Given the Weissman lab's ribosome profiling work, "it was kind of an obvious step to go to the proteome level and really look for these specific proteins that they were predicting," Annette Michalski, a Max Planck researcher and author on the paper, told ProteoMonitor.
Obtaining sufficient proteome depth via mass spec proved a challenge, however, she noted, particularly given that the HCMV proteins were present against a background of the infected human cell.
"These were very, very complex samples," Michalkski said, noting that the speed and high mass accuracy of the Q Exactive were keys to obtaining a level of coverage suitable for the work.
"It's only now [become] possible with the technology we have to actually identify many of these newly predicted, novel open reading frames, as proteins," she said. She added that the researchers had started the project using an earlier generation Orbitrap machine, and that moving to the Q Exactive "really gave a boost to the entire analysis."

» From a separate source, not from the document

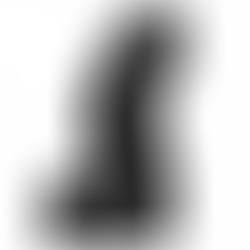 Dildo Realista Dong Negro 17 cm
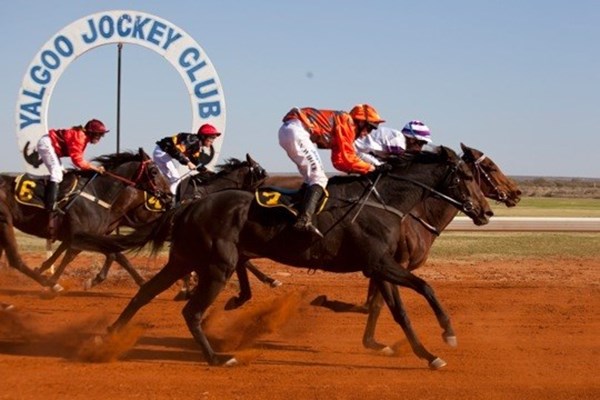 Yalgoo Races - horses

Mass spec proteomics is emerging as a tool for researchers to confirm and better understand the protein outputs and functional impact of observed genomic variation and complexity (PM 11/30/2012). As Weissman noted, though, the technology still has its limitations. In the case of the Science study, the digestion-based discovery proteomics approach taken by the Max Planck team was poorly suited to identifying the very short proteins identified by the ribosome profiling.
Because the proteins in a conventional bottom-up proteomics experiment are digested into peptides prior to mass spec analysis, it can be difficult to distinguish between, for instance, full-length and truncated forms of a protein.
"The big finding with the ribosome profiling was that there were many really, really short open reading frames," Michalski said. "And with mass spectrometry – since we do the digest with trypsin, it of course becomes more and more difficult to get to these very short proteins."
Given this, the researchers confined their mass spec analyses to relatively long proteins, looking for proteins longer than 55 amino acids. In total, they investigated the products of 96 new genomic loci identified by the ribosome profiling and detected 53 previously unidentified proteins.
The findings, Weissman said, now provide a starting point for researchers to further investigate the functional roles of the newly identified proteins.
"In the same way that when we sequence a genome… when we use ribosome profiling [and mass spec] to understand what proteins are being encoded by that genome, it's a starting point for understanding function," he said.